Pakistan, grappling with a severe crisis, has revised down its GDP growth projection for the ongoing fiscal year, slashing it from an initial estimate of 2% to a meager 0.29%.
Pakistan Records Record-Breaking Inflation of 36.4% in April. (Representational Image/Photo: Reuters)
Pakistan’s national accounts committee has announced a downward revision in the GDP growth forecast for the ongoing fiscal year, which concludes on June 30.
The country has revised the projection from 2% to a significantly lower 0.29%, citing a slowdown in both the agriculture and industrial sectors as key factors impeding growth.
Amidst economic turmoil and grappling with a balance of payments crisis, Pakistan is currently engaged in negotiations with the International Monetary Fund (IMF) to secure the release of the remaining $1.1 billion from a previously agreed-upon $6.5 billion bailout package established in 2019.
The funds have remained stalled, and reaching an agreement with the IMF is a crucial step for Pakistan to alleviate its financial challenges.
Pakistan’s central bank has indicated that the GDP growth for the financial year 2022-23 is expected to be notably lower compared to the previous year.

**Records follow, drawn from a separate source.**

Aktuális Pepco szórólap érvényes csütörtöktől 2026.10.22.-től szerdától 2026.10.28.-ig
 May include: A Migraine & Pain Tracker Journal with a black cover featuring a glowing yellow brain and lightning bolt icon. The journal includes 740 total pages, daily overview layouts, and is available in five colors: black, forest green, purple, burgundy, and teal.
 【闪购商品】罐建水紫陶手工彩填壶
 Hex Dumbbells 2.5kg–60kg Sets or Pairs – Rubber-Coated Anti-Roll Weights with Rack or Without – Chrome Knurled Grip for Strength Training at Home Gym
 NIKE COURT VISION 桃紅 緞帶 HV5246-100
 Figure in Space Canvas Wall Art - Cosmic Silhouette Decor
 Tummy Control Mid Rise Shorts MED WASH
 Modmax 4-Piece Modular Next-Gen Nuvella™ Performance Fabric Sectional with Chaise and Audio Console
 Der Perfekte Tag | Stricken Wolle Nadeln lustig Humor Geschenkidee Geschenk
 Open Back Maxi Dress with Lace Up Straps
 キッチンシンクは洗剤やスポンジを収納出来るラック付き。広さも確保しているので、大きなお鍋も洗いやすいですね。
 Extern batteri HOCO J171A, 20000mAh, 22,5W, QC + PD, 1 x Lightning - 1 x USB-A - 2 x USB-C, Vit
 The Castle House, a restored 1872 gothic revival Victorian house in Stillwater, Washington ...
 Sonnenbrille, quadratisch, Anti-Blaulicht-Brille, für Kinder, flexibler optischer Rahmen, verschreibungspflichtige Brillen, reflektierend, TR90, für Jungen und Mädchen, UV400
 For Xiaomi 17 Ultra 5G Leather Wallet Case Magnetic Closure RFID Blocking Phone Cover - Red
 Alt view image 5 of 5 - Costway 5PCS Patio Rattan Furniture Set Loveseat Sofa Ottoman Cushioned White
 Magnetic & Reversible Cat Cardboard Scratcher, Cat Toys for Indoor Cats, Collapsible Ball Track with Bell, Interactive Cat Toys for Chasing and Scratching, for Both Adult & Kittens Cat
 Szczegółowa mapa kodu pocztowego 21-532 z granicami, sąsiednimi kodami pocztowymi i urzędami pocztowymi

The growth rate for the previous year was revised upwards to 5.77%.
However, the country is currently facing multiple challenges as it recorded its highest-ever inflation rate of 36.4% in April, and its currency has reached a historical low in terms of depreciation.
The latest GDP growth forecast by the national accounts committee is even lower than the World Bank’s estimate of 0.4%. Similarly, the International Monetary Fund (IMF) projected a growth rate of 0.5% in April.
These projections highlight the economic struggles Pakistan is currently facing, with a significant decline in expected growth for the upcoming fiscal year.